"AMD's Zen 5c architecture...density-optimized cores that are conceptually similar to Intel's e-cores"
No, they are not. Intel castrated their cores to make them smaller. AMD packed the transistors closer together and reduced cache size. From instruction stand point, Zen 5 and Zen 5c are identical, which is not the case with Intel's e-cores (Also refereed to as Garbage Cores)
Castration takes something away that was originally there. Not the case with e-cores, they are a distinct design for the same ISA, sometimes with a subset (still no castration).
Yes, turning off the AVX512 IP blocks on Alder Lake P-cores probably qualifies as castration.
And for the AMD compact core approach, a half sized cache might actually fit your use of "castration" and result in significant penalties for cache sensitve workloads.
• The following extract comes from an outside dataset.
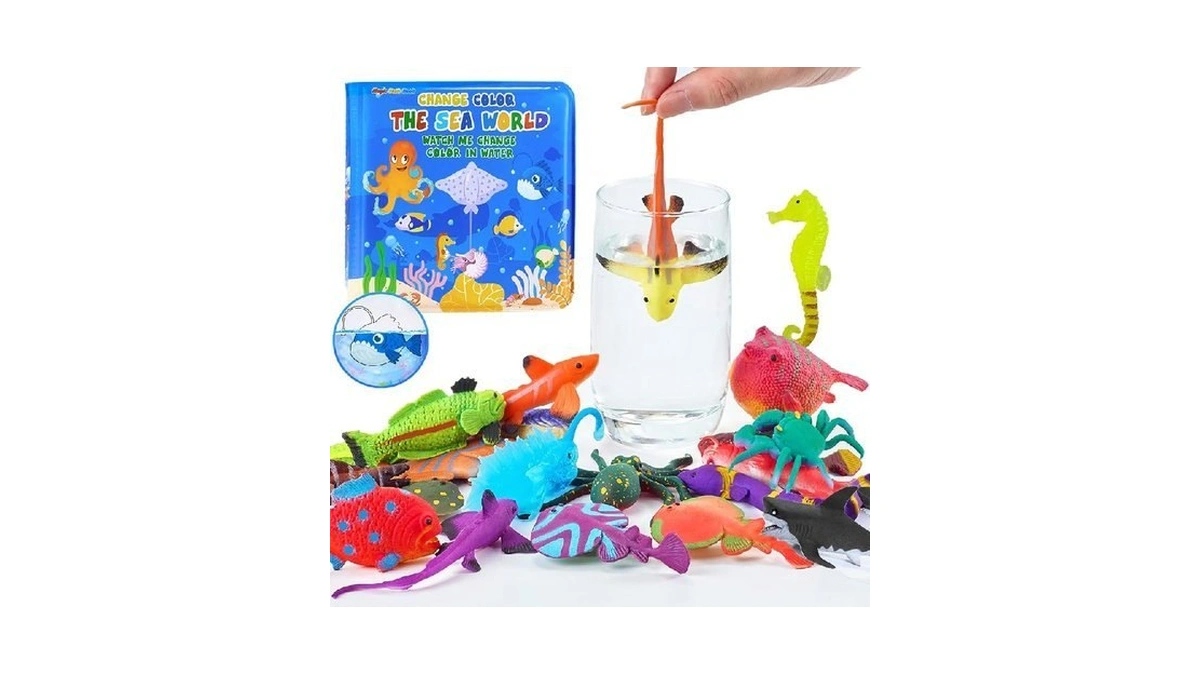 Color Changing No Hole Bath Toys For Kids Toddlers, Color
That's why hyperscalers will carefully test and tune.
But the genius is that a lot of the silicon surface area which has to be left dark for cooling on top-clock desgns, can instead be filled with logic on a design with lower max-clocks, resulting in less area waste.
Or well, it would be genius, if it wasn't quite simply what Ampere and similar hyperscaler specific designs had already been doing first.
If now they could only make chips switch between those two personalities on the fly!
And I guess dynamically disabling/not using hyperhreading to gain some clocks would get you half way there?